レリクスのアホが色々暴露してくれたものだから正直この視線は辛い。しばらく沈黙した後、グランツ達が顔を見合わせてコクリと頷き俺に向き直って言い放った。
「カケルさん! 俺達とパーティを組んでくれませんか!」
「はあ?」
我ながら間抜けな声を上げたと思う。
だが、それくらいグランツの言葉は意外だった。俺がボー然としていると、その真意をグランツが話しだした。
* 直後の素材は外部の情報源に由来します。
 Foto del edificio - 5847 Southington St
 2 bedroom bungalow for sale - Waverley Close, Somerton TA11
「……レリクス王子の説明で正直、カケルさんに対して恐れを抱きました。魔王はこの世界で最も力がある者で、俺達なんてあっさり殺せるくらいです。魔王によっては弱い者をおもちゃにするのを厭わない者もいると聞いたことがあります」
「……」
ドライゼンさんのビビりっぷりはこういう話から来ているんだろうな、と、ふと思った。
いわば止められない殺戮マシーンが町を徘徊しているようなものなので、正体がバレたら腫物扱いになるのは目に見えている。
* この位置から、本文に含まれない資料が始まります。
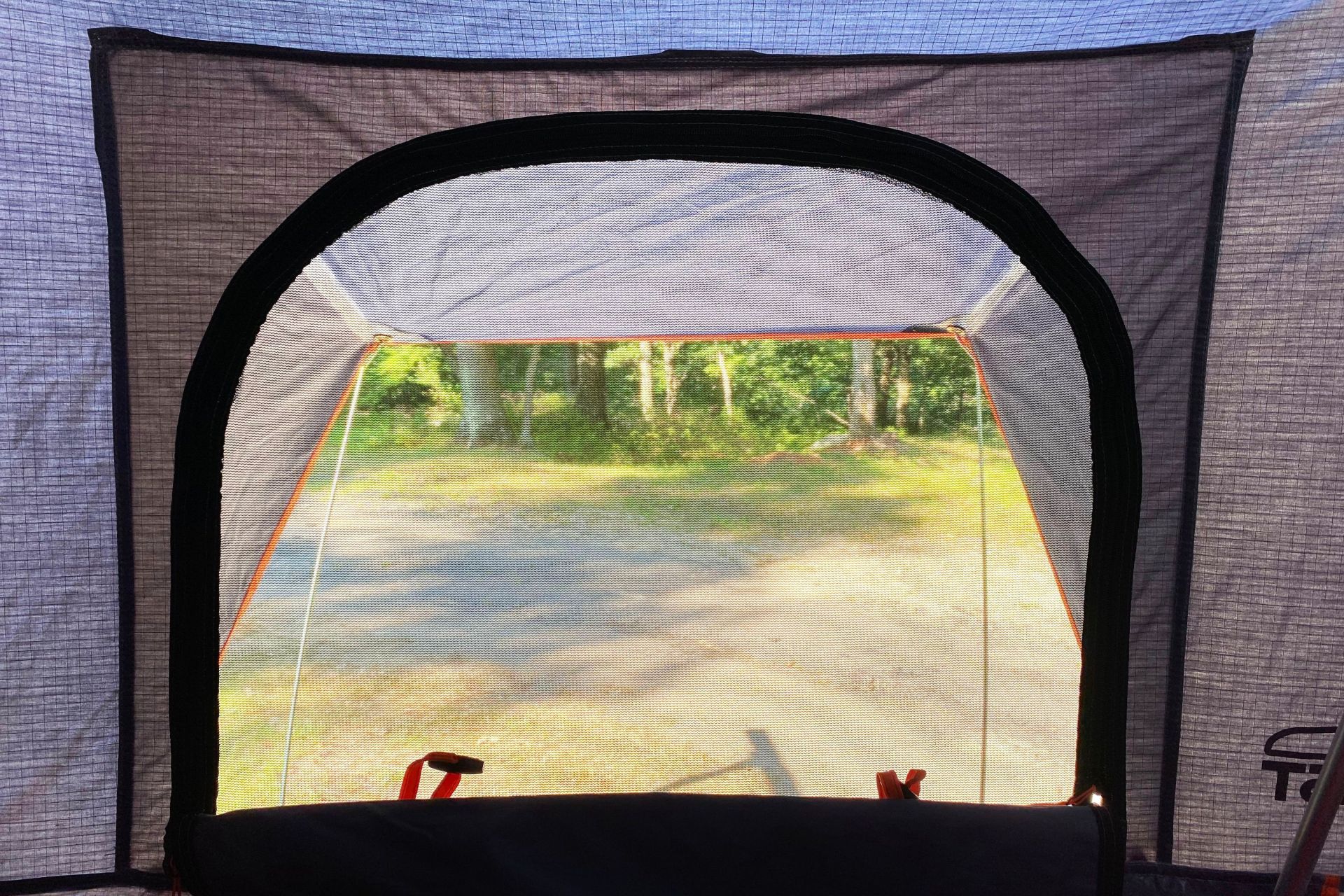 roofnest condor xl tent screened in window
「でも、カケルはそんなことない。死にかけていた私達を助けてくれた」
「うん。それに、一緒にいて怖くないんだよね。……この依頼もあたしのお父さんのことを聞いたからってトーベンさんに聞いたわ。魔王かもしれないけど、あたし達と同じ人間よねって思いなおしたの」
「トーベンさん……余計なことを……それでパーティを組むってことがどう繋がってくるんだ?」
「カケルさんは魔王で異世界人です。一人だとボロが出そうな時も俺達がいればフォローができるかと……」
「いやいや、気持ちはありがたいが、実は俺には目的があってな。光翼の魔王に会って『真実の鏡』を借りたいんだ」
俺がそう言うと、三人は驚いた顔をして目を見開く。
「そ、そうだったんですね。大丈夫です、俺達もついていきますから!」
「うん。カケルと一緒」
今度は俺が驚く番だった。
「お前等の故郷はこの辺りなんだろ!? いいよ、そこまで無理してついて来なくても!?」
「うーん、なんだかんだであたし達も冒険者だから色んなところに旅したいんですよ! ほら、お父さんの病気が治ったら気兼ねなく旅に出られるし」
「もう報酬アテしてんのな!?」
実はそれが目的か!? と言いたいところだがグランツは続けて言う。
「……本当は魔王様の部下として働きたいんですが……燃えるので。ですがカケルさんはそういうの嫌がりそうです……」
口をへの字に曲げて拳を握るグランツに俺は呆れるしかなかった。
「間違いなく嫌だなそれは……なんだって俺なんかと一緒に居たがるんだか……」
「カケルは優しい。今も邪険にはしてないのが証拠」
トレーネがニコッと笑ってそんなことを言う。
……まあ、旅に人が多くて困ることは無い、か?
「どう!? カケルさん!」
エリンがずいっと身を乗り出してきたのを押しのけながら俺は答えた。
「あー、とりあえずそれは保留にさせてくれ。まだソシアさんの件が片付いてないしな。パーティが終われば依頼が完了だろうから、その後に返事するってことでいいか?」
「分かりました! 期待しています!」
「……あまり期待されてもなあ……」
グランツが立ち上がって叫ぶとトレーネが俺の腕に巻きついてきて嬉しそうに鼻をならしていた。
「話はこれで終わりか?」
「ええ、ありがとうございます! 魔王様と旅ができると思うと胸が躍ります!」
「まだ決まってないからな? とりあえずそれはもういいから、今は予告状の件だ。今日からソシアさんの許可を得て近くで警備をするぞ」
「? でも予告はパーティの前日になっていましたよね。あたし達が待ち受けるのはしばらく先じゃないんですか?」
エリンが不思議そうに聞いてくるが、俺は首を振ってそれに反論をする。
「考えてもみろ。帰りに襲われたことがあるだろ? 女生徒と成り代わってまで行動したんだ、予告通りに来るとは思えない」
「確かにそうかも。どうするの?」
「俺とグランツは廊下に常駐して、トレーネとエリンはソシアさんの部屋で寝泊りさせてもらうのがいいだろう。これは許可が必要だが――」
パーティまで学院を休むと決めたため、屋敷での護衛が主であるなら守りやすいはずだ。
後はソシアさんが嫌がらなければいいと思いつつ、夕食時に俺達の提案を一家に話すと、二つ返事で了承してくれた。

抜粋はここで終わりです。